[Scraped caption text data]

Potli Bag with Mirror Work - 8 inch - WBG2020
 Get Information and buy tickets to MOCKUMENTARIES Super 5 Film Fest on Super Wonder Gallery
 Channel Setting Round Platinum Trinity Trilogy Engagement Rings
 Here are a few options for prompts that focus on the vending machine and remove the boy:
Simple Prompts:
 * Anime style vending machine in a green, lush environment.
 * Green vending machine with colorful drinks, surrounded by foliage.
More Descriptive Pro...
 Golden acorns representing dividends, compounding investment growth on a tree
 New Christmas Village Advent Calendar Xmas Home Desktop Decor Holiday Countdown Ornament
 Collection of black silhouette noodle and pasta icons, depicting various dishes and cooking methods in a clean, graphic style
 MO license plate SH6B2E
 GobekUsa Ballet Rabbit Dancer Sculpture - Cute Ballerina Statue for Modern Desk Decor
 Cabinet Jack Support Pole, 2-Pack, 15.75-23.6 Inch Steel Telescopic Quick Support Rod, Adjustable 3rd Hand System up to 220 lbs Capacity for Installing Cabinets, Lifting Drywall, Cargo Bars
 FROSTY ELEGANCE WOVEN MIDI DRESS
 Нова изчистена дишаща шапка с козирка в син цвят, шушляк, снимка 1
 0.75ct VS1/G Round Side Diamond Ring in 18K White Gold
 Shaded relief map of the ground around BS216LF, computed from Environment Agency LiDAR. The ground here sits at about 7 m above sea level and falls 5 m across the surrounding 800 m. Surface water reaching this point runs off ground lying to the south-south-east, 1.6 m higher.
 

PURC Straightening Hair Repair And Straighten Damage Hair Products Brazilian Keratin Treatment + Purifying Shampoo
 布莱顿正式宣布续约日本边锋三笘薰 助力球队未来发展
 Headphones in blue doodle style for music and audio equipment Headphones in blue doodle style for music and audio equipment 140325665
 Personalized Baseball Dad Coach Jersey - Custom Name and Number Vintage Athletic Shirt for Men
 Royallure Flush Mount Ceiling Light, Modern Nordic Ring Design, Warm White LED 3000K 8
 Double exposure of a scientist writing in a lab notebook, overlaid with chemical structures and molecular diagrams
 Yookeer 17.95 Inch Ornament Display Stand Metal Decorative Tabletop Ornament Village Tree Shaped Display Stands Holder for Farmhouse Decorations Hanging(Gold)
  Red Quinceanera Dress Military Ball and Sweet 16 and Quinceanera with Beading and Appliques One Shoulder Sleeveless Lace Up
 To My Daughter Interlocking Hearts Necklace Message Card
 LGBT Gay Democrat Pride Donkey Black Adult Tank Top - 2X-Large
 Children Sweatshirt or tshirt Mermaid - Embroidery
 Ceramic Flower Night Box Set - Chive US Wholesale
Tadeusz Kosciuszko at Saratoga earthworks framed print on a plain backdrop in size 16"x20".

# EXERCISE GOAL
Output every record above a second time, exactly.

# YOUR SOLUTION
Potli Bag with Mirror Work - 8 inch - WBG2020
 Get Information and buy tickets to MOCKUMENTARIES Super 5 Film Fest on Super Wonder Gallery
 Channel Setting Round Platinum Trinity Trilogy Engagement Rings
 Here are a few options for prompts that focus on the vending machine and remove the boy:
Simple Prompts:
 * Anime style vending machine in a green, lush environment.
 * Green vending machine with colorful drinks, surrounded by foliage.
More Descriptive Pro...
 Golden acorns representing dividends, compounding investment growth on a tree
 New Christmas Village Advent Calendar Xmas Home Desktop Decor Holiday Countdown Ornament
 Collection of black silhouette noodle and pasta icons, depicting various dishes and cooking methods in a clean, graphic style
 MO license plate SH6B2E
 GobekUsa Ballet Rabbit Dancer Sculpture - Cute Ballerina Statue for Modern Desk Decor
 Cabinet Jack Support Pole, 2-Pack, 15.75-23.6 Inch Steel Telescopic Quick Support Rod, Adjustable 3rd Hand System up to 220 lbs Capacity for Installing Cabinets, Lifting Drywall, Cargo Bars
 FROSTY ELEGANCE WOVEN MIDI DRESS
 Нова изчистена дишаща шапка с козирка в син цвят, шушляк, снимка 1
 0.75ct VS1/G Round Side Diamond Ring in 18K White Gold
 Shaded relief map of the ground around BS216LF, computed from Environment Agency LiDAR. The ground here sits at about 7 m above sea level and falls 5 m across the surrounding 800 m. Surface water reaching this point runs off ground lying to the south-south-east, 1.6 m higher.
 

PURC Straightening Hair Repair And Straighten Damage Hair Products Brazilian Keratin Treatment + Purifying Shampoo
 布莱顿正式宣布续约日本边锋三笘薰 助力球队未来发展
 Headphones in blue doodle style for music and audio equipment Headphones in blue doodle style for music and audio equipment 140325665
 Personalized Baseball Dad Coach Jersey - Custom Name and Number Vintage Athletic Shirt for Men
 Royallure Flush Mount Ceiling Light, Modern Nordic Ring Design, Warm White LED 3000K 8
 Double exposure of a scientist writing in a lab notebook, overlaid with chemical structures and molecular diagrams
 Yookeer 17.95 Inch Ornament Display Stand Metal Decorative Tabletop Ornament Village Tree Shaped Display Stands Holder for Farmhouse Decorations Hanging(Gold)
  Red Quinceanera Dress Military Ball and Sweet 16 and Quinceanera with Beading and Appliques One Shoulder Sleeveless Lace Up
 To My Daughter Interlocking Hearts Necklace Message Card
 LGBT Gay Democrat Pride Donkey Black Adult Tank Top - 2X-Large
 Children Sweatshirt or tshirt Mermaid - Embroidery
 Ceramic Flower Night Box Set - Chive US Wholesale
Tadeusz Kosciuszko at Saratoga earthworks framed print on a plain backdrop in size 16"x20".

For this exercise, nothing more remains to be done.